Book Notes: Ultralearning by Scott Young

Ultralearning by Scott Young

Ultralearning is a prescriptive work that teaches an intense and self-directed strategy for acquiring skills and knowledge.

Principles of Ultralearning

There are 9 principles in Ultraleaning:

  1. Metalearning
  2. Focus
  3. Directness
  4. Drill
  5. Retrieval
  6. Feedback
  7. Retention
  8. Intuition
  9. Experimentation

Metalearning involves researching syntopically. Start by drawing a map of how to learn the subject or skill. Metalearning may differ based upon Instrumental vs Intrinsic projects. Instrumental projects are those with the purpose of achieving a specific result. Instrinsic projects are those that are pursued for their own sake.

Interviewing an expert may help with Metalearning. The key is to write a simple, to the point email, explaining why you’re reaching out and asking for fifteen minutes of their time.

The subject can then be structured into Concepts, Facts, and Procedures.

Focus involves cultivating time to concentrate.
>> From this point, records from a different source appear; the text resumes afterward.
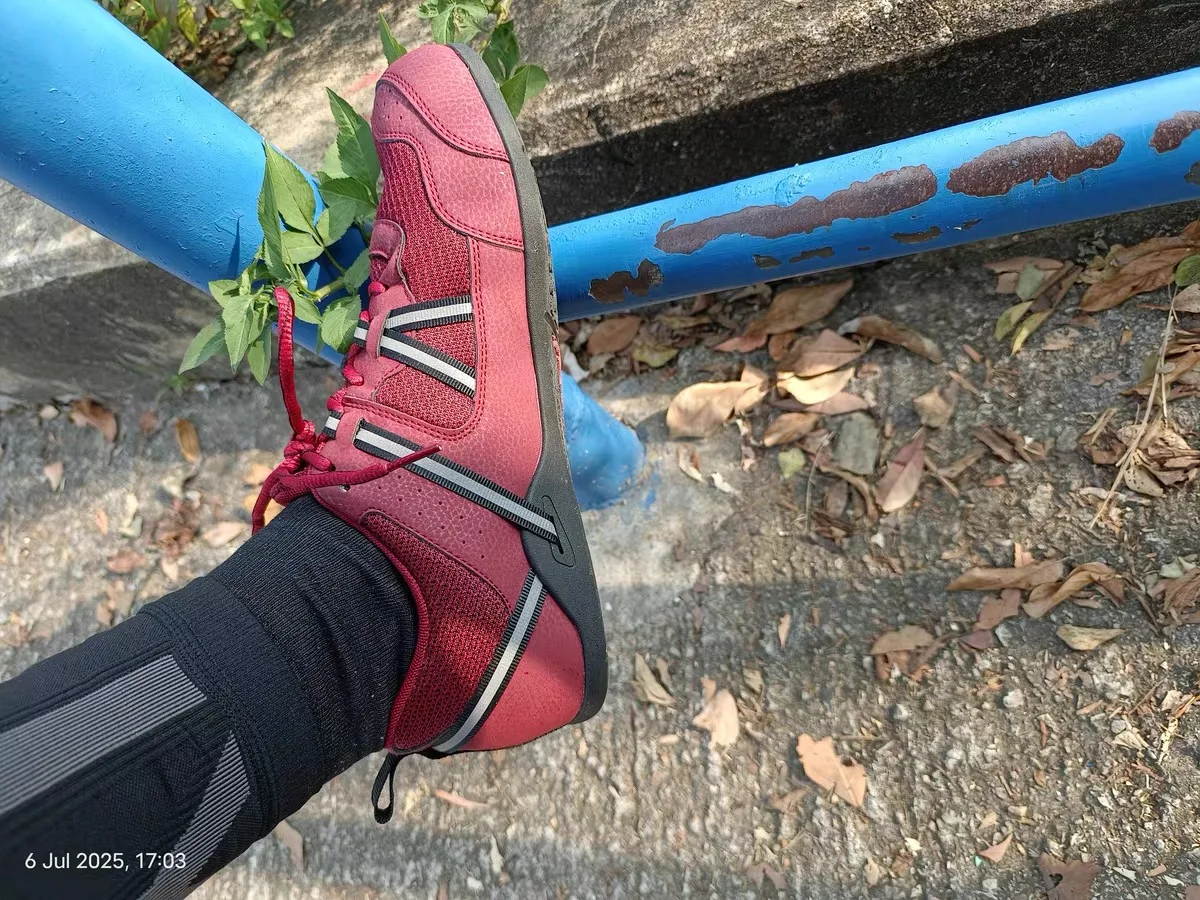 

Essential Hot Sale 2025 Breathable Wearable Walking Shoes Men's Women's Hiking Shoes Outdoor Shoes Sneakers Very Good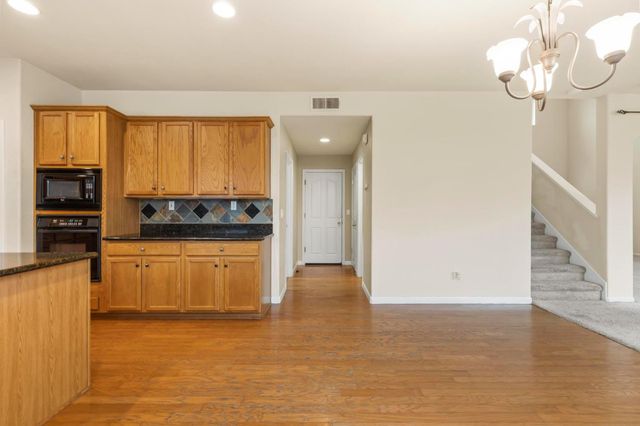 1740 Hiawatha Dr, Roseville, CA 95747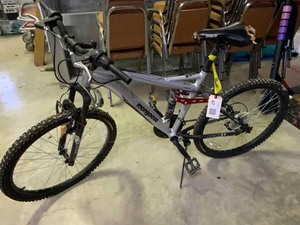 lot 47 image: Bicycle Mongoose (silver), Ledge 2.1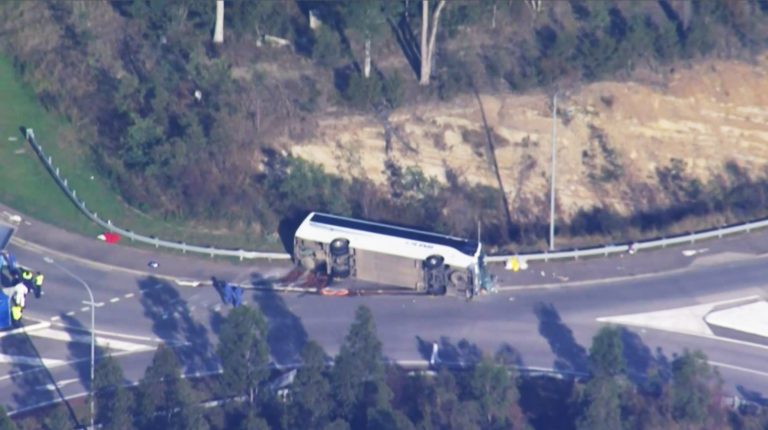 10 dead in Australian wine country bus crash
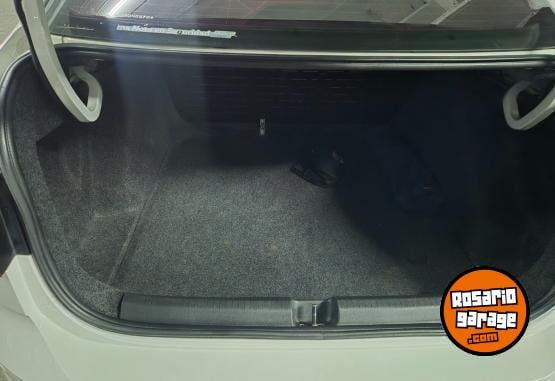 Autos - Volkswagen Virtus 2018 Nafta 129000Km - En Venta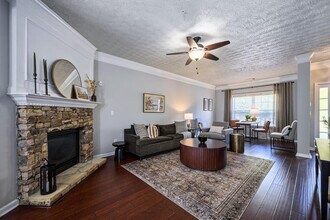 1431 Bay Overlook Dr in Woodstock, GA - Foto de edificio - Building Photo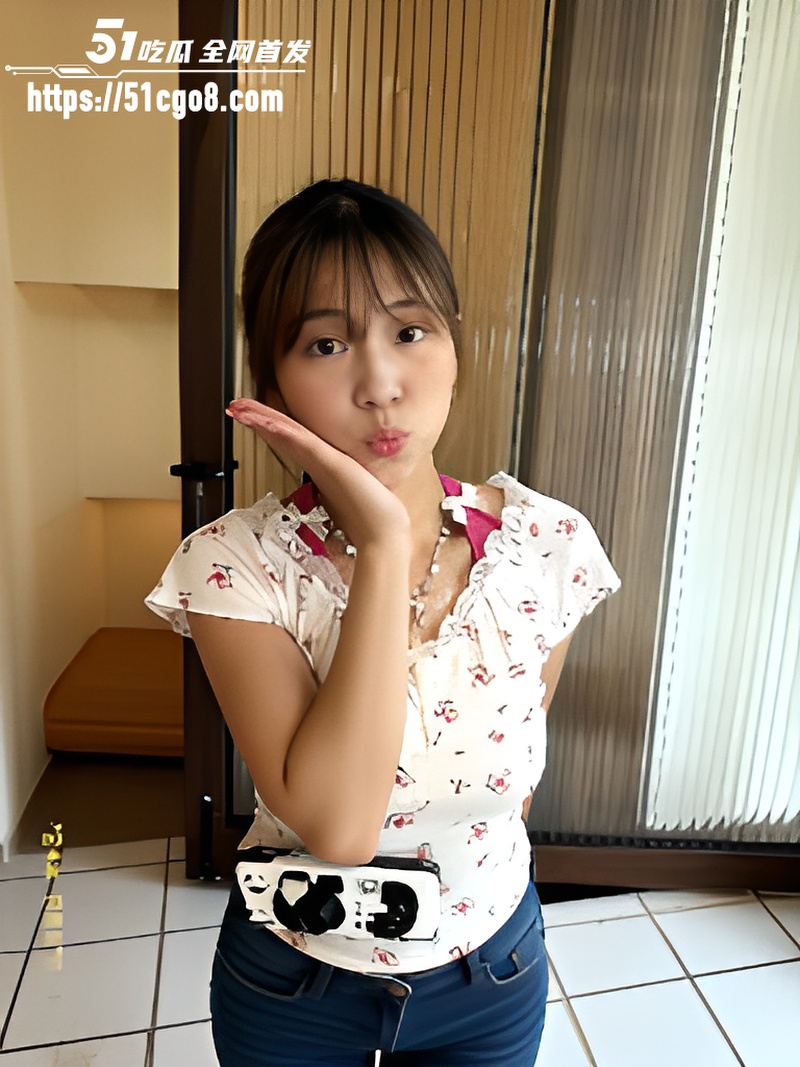 微胖学生妹 呱呱 性爱视频被前男友曝出 主动骑乘后入打桩 高潮迭起爽到浪叫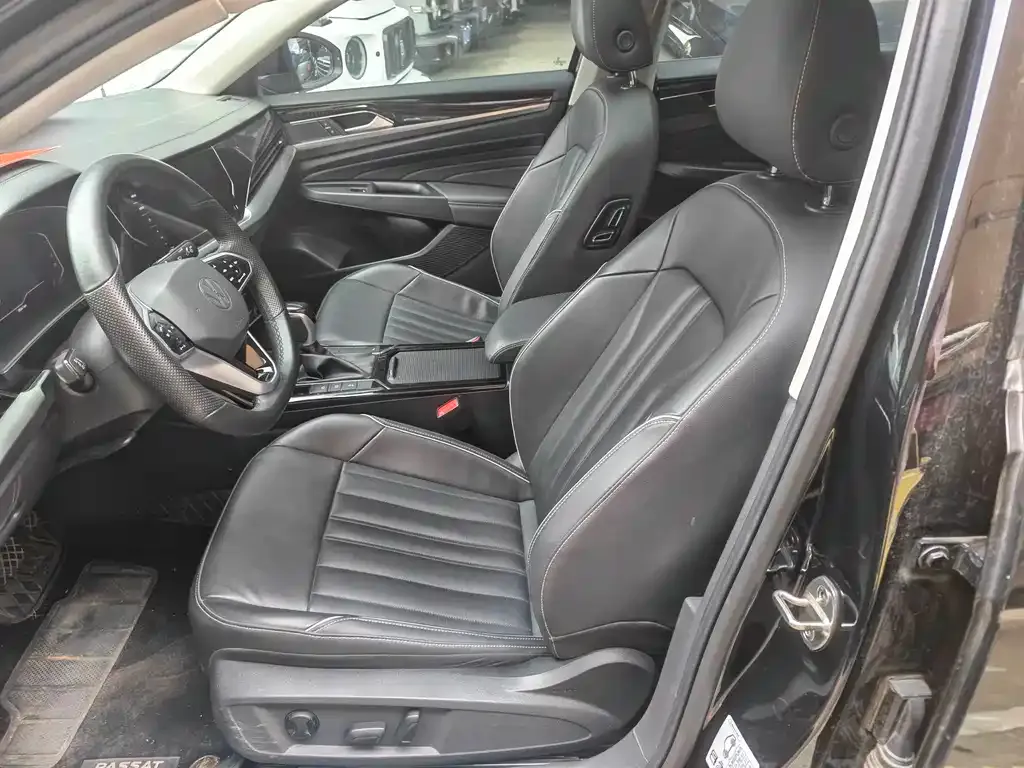 Volkswagen Passat — фото 6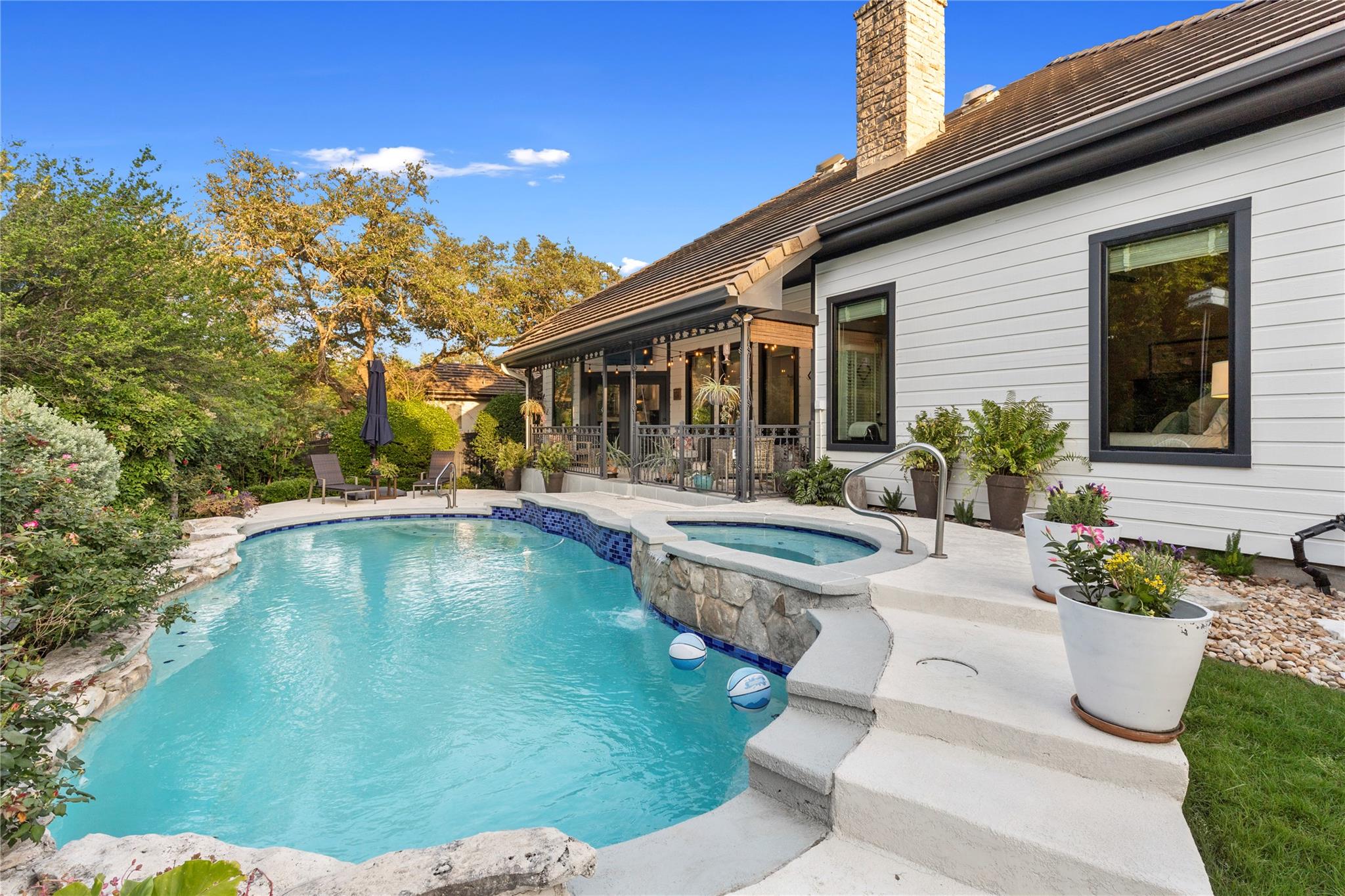25 Stillmeadow DR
Directness involves learning the subject by directly working on the subject rather than proxies. Opting for a project rather than a class may be better for learning. Immersion is the process of surrounding yourself with the subject or skill. This allows for much more practice than typical.

Drill involves improving your weakest points by repeatedly practicing. Careful analysis and deliberate practice is key. This is especially key for the Rate-deterimining steps.

Retrieval involves actively recalling information. Flash cards are a simple but effective tool.

Feedback involves calibrating knowledge of the subject or skill. There are three types of feedback: Outcome, Corrective, and Metafeedback. Learning rate is an example of metafeedback. High-intensity, rapid feedback provides both informational and emotional advantages.

Rentention involves learning things for now and forever. Spreading learning sessions over more intervals over longer periods of time tends to cause better performance in the long run.

Intuition involves getting a feel for the subject by exploring and playing with concepts. Most people learn abstract rules after being exposed to many concrete examples.

Experimentation involves discovering past the known edges of a subject and discovering new knowledge.